Worse than that are right-wingers like Liz Truss that think that what is to come will be great for the economy. They’re even eagerly anticipating the collapse of lots of employers because they call them “zombie companies” who they claim drag the economy down.

But what they forget is that real people work in those companies. And real people without a salary cannot pay their bills (right wingers assume everyone has savings to get through a crisis: it’s another of their fantasies). The reality is that real people out of work will not be paying this time.

It’s easy to see how we descend quite rapidly into a recession in such a crisis. It’s also easy to see how if those with mortgage and rent arrears are evicted from their properties, we will rapidly develop a massive crisis of homeless people.

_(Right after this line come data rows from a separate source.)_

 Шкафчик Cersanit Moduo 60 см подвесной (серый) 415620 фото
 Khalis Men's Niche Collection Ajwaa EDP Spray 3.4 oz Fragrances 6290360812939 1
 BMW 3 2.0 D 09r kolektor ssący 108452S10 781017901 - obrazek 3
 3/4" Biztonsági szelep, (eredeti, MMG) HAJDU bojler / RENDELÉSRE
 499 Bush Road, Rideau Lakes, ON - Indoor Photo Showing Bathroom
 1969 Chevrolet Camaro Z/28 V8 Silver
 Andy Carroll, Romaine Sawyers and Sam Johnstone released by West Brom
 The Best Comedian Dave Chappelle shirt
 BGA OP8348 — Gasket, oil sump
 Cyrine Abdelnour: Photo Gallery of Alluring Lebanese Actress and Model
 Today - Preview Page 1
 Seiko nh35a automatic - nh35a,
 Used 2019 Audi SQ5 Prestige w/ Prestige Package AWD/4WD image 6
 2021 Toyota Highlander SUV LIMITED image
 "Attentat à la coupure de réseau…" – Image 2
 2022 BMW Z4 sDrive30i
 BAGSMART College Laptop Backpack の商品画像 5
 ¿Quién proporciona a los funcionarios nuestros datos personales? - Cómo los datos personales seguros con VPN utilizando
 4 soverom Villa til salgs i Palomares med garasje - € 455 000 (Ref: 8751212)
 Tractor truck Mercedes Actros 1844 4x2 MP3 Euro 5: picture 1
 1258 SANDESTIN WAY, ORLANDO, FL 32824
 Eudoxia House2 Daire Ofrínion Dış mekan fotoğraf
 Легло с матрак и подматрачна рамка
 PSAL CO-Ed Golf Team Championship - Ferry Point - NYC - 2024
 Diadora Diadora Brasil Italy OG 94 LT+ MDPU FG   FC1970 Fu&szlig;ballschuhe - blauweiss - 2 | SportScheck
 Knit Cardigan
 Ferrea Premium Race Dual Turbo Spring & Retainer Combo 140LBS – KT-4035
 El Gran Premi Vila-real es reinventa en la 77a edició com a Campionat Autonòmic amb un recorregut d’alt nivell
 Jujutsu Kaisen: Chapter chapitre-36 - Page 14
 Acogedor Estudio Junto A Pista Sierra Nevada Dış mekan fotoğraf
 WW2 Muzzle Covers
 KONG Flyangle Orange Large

And social chaos is going to escalate rapidly—whether that is reflected in a massive increase in demand for NHS services, or in seriously disrupted education services, or in social services stretched way beyond its limits, or in desperate people taking to crime to feed their children.

There is every reason to think these things might happen. No one is forecasting them, because economists don’t build systemtic breakdown—including a combination of recession, inability to pay and government-imposed poverty—into their models for the economy. Those models can handle one failure at a time, but very few are designed to handle the whole thing failing—including collapsing house prices as foreclosures become common, and a banking crisis as mortgages default—in their modelling.

The government could prevent all this. I stress could. But it is not going to do so. That’s not because it does not imagine this will happen; it is because it wants it to happen. It is because it is going to let it happen—as interest rate rises this week evidence.

When it happens, it will be too late to prevent the issue escalation. Once the fragile threads that hold our economy together are broken, rebuilding them will be a long, slow process. And however they are recreated, it must not be in the same way.

They will need to be green, and rebuilt about concepts of equality that will prevent a calamity of the sort we are now facing from ever recurring. This could be done. As the postwar consensus swept away what went before it and built a genuinely better society, so could we after this crisis.

But first we have to face the crisis—with politicians woefully ill-prepared for it, and the right wing always willing to exploit a crisis for their gain by dividing society still further.

The coming winter is going to be economically impossible for many. That’s a simple fact. I know that is not necessary, but it is going to happen. Steps as radical as those used in the Covid era could prevent this—but this government will not deliver them.

My fear is the political exploitation of this by the far right.

My hope is that we have the vision to rebuild. But the pain before we do so is going to be horrible. And it has been deliberately chosen. And that is what sickens me.